The New Orleans Jazz Museum has the potential to be different. It has the funding, the facilities, and the visibility to serve as a national model. It can be a space that pays artists fairly, centers Black cultural leadership, and tells the story of jazz from the inside out, not just for tourists or VIP galas.

But that future depends on action. Transparency is not optional, and equitable access must be more than rhetoric. The museum’s public mission must come before its institutional prestige.

That also means confronting the systemic barriers faced by working musicians citywide—barriers that persist even as their music remains the lifeblood of New Orleans culture. As Big Easy Magazine reported in The Fight to Keep New Orleans Music Alive (and Affordable), many musicians continue to rely on tips and one-off gigs while their neighborhoods gentrify and cultural institutions grow more corporate.
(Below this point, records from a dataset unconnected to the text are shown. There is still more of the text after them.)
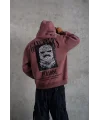 Lushiowear Erkek 3 İplik Pamuklu Kapüşonlu Baskılı Cepli Oversize Sweatshirt Hoodie - Gül Kurusu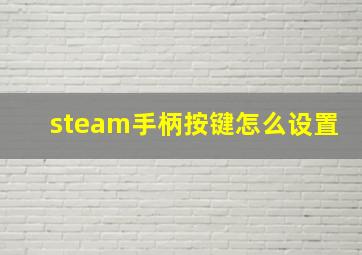 steam手柄按键怎么设置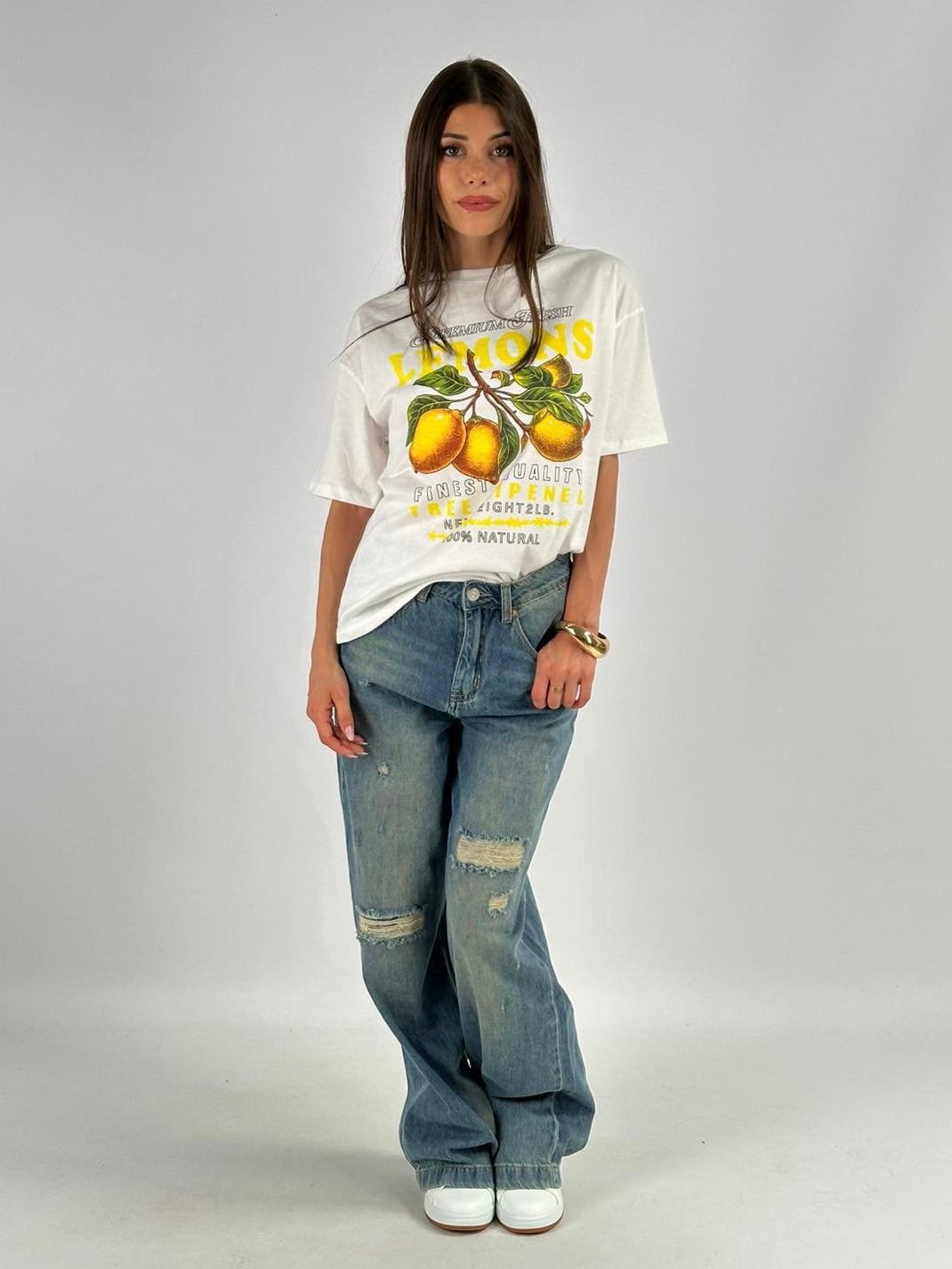 T-shirt premium 100% cotone lemon bianca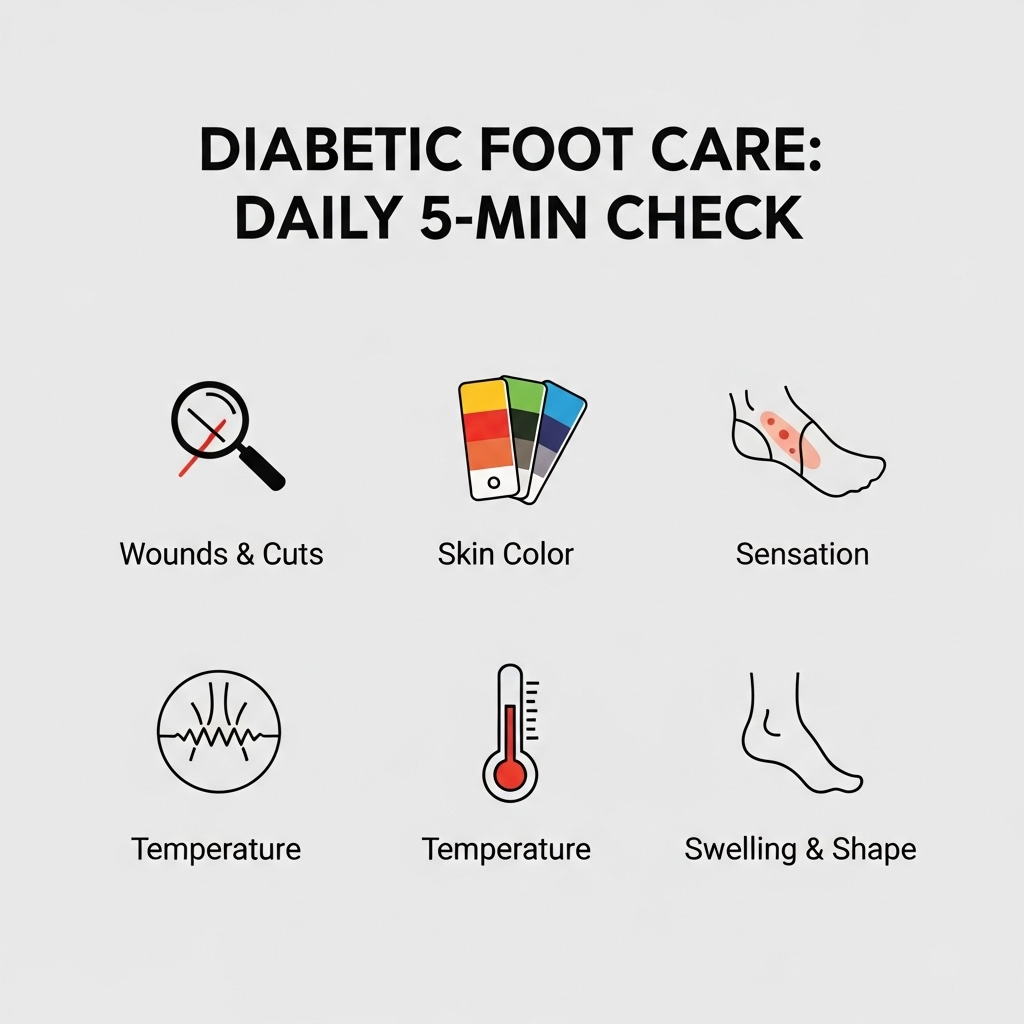 [이미지 2: 당뇨발 자가 검진 체크리스트를 보여주는 깔끔한 인포그래픽. 각 항목마다 상처, 발 색깔, 신경 등을 상징하는 아이콘 포함, 텍스트는 영문으로 표기]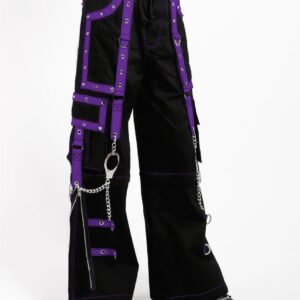 Ladies Fashion Gothic Night Pant Mega Eye Pant Purple-Black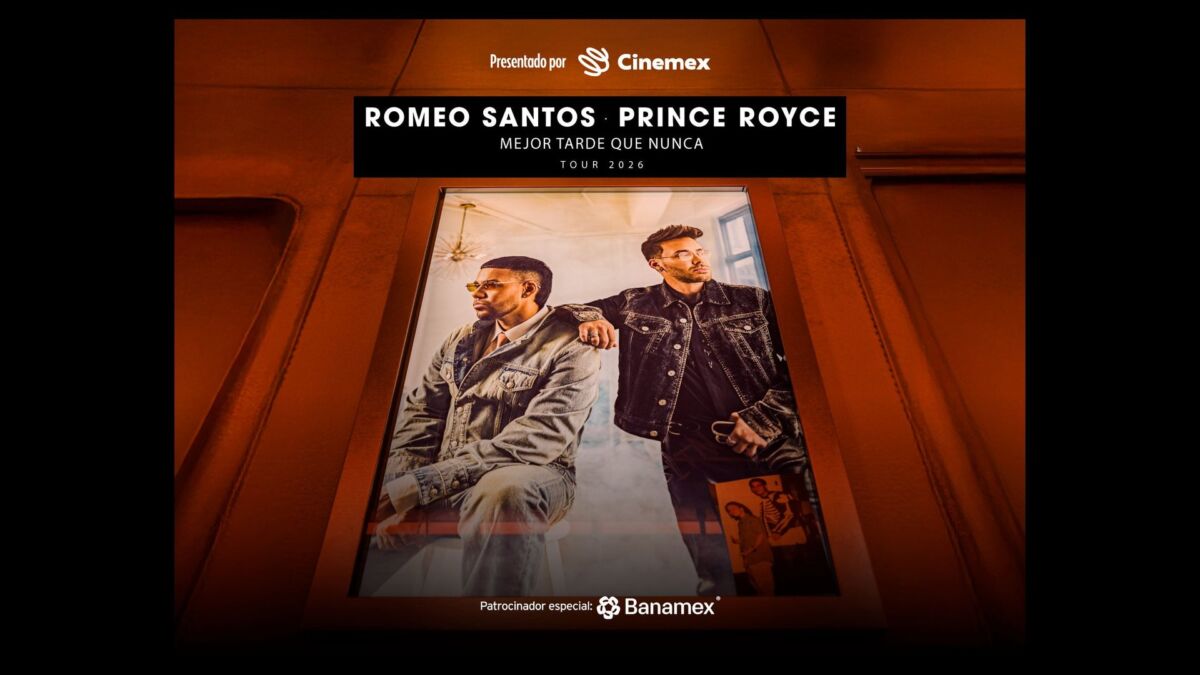 Romeo Santos y Prince Royce, imagen oficial del Mejor Tarde Que Nunca Tour en Ticketmaster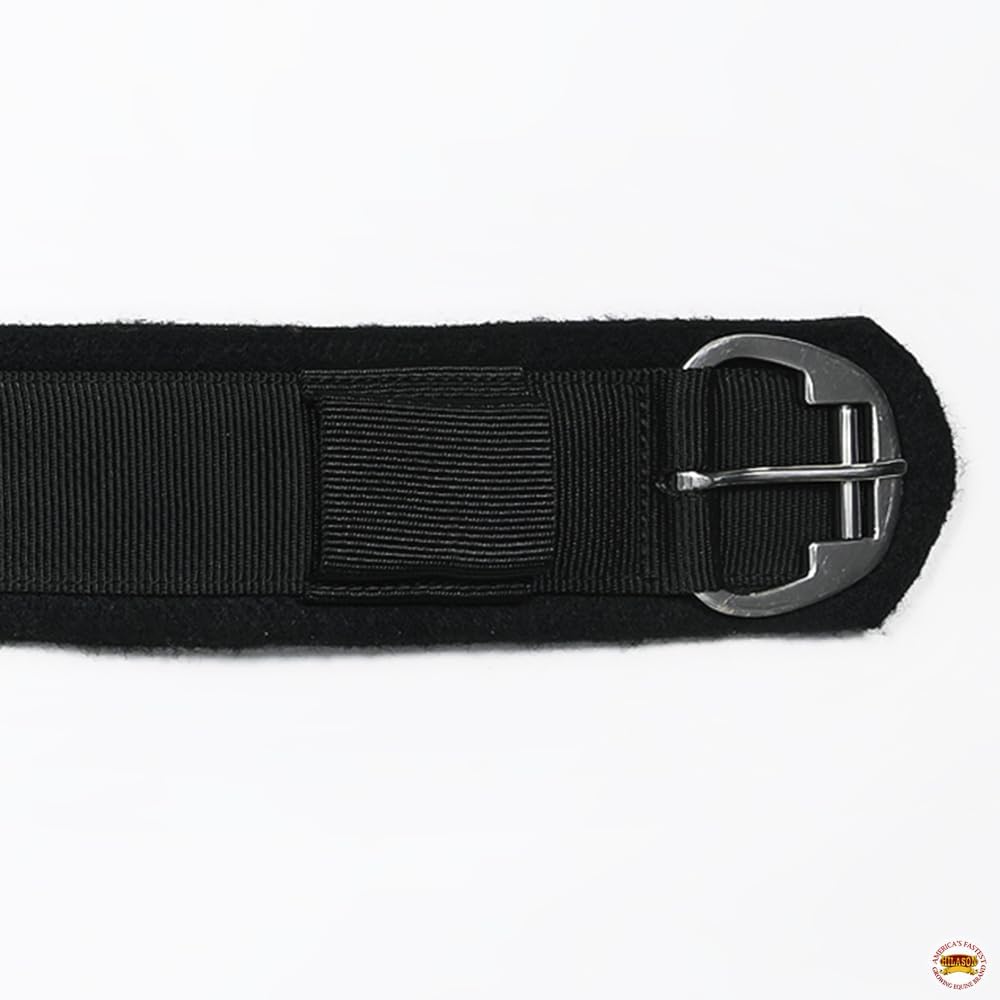 HILASON Western Horse Felt Lined Straight Saddle Cinch Girth with Stainless Steel Buckle Black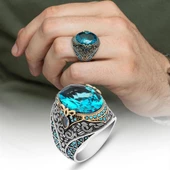 Oval Aqua Mavisi Taşlı 925 Gümüş Erkek Yüzük thumbnail 1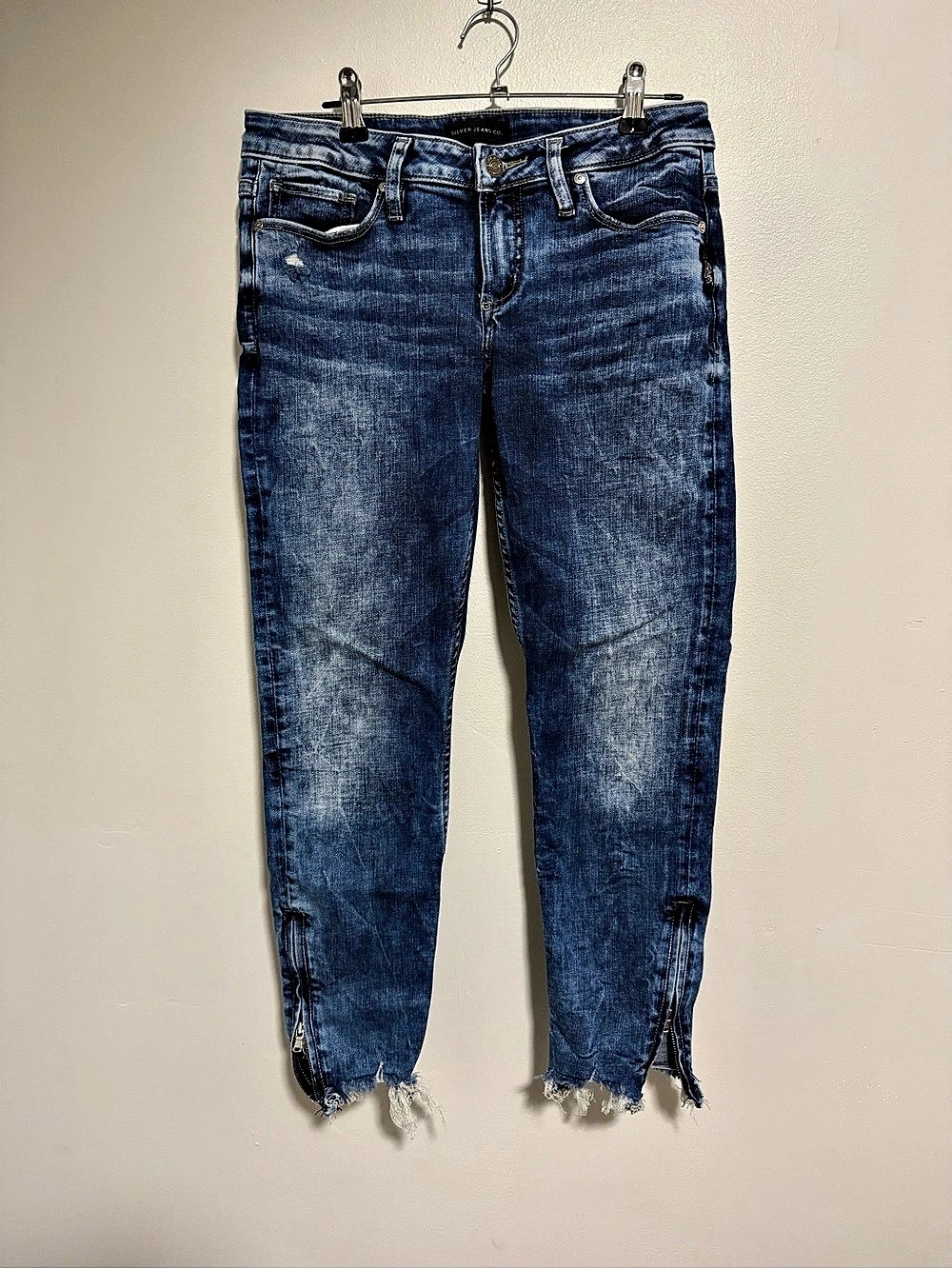 Silver Skinny Jeans in Blue Size 29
Strikingly, despite all the activity, the Jazz Museum still lacks a permanent exhibition chronicling the history of jazz. Plans for a flagship exhibit were announced years ago and partially funded by private donors, but remain unrealized. Temporary shows rotate in and out, but the museum has yet to install a dedicated, immersive experience that walks visitors through the music’s origins, evolution, and cultural weight. In the birthplace of jazz, that absence speaks volumes.

Because in a city where too many culture-bearers still play for tips while their image adorns tourism campaigns, the real question isn’t how much the museum programs—it’s who the programming is for.

Until that’s answered, the trumpeters on street corners will keep playing for tips, while the museum meant to honor them keeps cashing the checks.